Reproduce, exactly and in full, only the lines below from the one containing "Rocker Switch On-Off" through the one containing "Set of 3 Large".

=== Begin Enclosure ===

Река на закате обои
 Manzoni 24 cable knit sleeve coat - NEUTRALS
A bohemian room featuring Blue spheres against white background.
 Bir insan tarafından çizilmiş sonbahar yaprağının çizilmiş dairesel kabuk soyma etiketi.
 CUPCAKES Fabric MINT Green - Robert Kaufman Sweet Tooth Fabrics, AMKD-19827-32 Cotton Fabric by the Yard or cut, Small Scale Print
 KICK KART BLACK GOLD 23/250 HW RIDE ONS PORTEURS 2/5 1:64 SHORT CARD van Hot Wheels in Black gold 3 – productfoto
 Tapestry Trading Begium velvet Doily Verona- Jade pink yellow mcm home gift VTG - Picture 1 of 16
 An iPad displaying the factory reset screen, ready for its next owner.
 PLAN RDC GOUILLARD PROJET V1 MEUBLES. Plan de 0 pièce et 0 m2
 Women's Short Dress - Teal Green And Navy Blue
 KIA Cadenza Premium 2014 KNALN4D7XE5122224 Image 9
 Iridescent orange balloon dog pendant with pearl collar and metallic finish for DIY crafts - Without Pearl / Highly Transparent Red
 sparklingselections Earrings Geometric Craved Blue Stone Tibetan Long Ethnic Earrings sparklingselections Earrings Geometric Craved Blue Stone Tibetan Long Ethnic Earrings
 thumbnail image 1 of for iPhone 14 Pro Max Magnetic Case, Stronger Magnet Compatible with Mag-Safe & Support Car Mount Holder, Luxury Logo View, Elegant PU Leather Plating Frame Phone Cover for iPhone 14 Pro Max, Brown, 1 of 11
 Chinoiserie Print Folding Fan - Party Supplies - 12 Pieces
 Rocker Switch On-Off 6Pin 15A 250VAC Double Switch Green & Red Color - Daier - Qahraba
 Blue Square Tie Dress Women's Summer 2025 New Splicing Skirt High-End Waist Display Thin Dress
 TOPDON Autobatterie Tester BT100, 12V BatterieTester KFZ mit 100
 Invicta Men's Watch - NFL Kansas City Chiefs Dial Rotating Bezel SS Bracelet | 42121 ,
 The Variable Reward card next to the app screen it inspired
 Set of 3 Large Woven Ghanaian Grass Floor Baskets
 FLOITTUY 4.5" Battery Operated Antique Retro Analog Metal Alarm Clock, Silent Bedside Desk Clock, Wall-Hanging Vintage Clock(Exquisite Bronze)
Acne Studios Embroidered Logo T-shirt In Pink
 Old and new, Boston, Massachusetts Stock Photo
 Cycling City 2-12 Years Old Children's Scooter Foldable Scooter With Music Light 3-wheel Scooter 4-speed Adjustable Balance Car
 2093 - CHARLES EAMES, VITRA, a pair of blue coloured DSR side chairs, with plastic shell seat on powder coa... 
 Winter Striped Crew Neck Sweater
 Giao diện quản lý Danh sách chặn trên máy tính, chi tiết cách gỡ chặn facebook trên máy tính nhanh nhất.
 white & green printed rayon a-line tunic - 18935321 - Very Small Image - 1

=== End Enclosure ===

# REPLY:
 Rocker Switch On-Off 6Pin 15A 250VAC Double Switch Green & Red Color - Daier - Qahraba
 Blue Square Tie Dress Women's Summer 2025 New Splicing Skirt High-End Waist Display Thin Dress
 TOPDON Autobatterie Tester BT100, 12V BatterieTester KFZ mit 100
 Invicta Men's Watch - NFL Kansas City Chiefs Dial Rotating Bezel SS Bracelet | 42121 ,
 The Variable Reward card next to the app screen it inspired
 Set of 3 Large Woven Ghanaian Grass Floor Baskets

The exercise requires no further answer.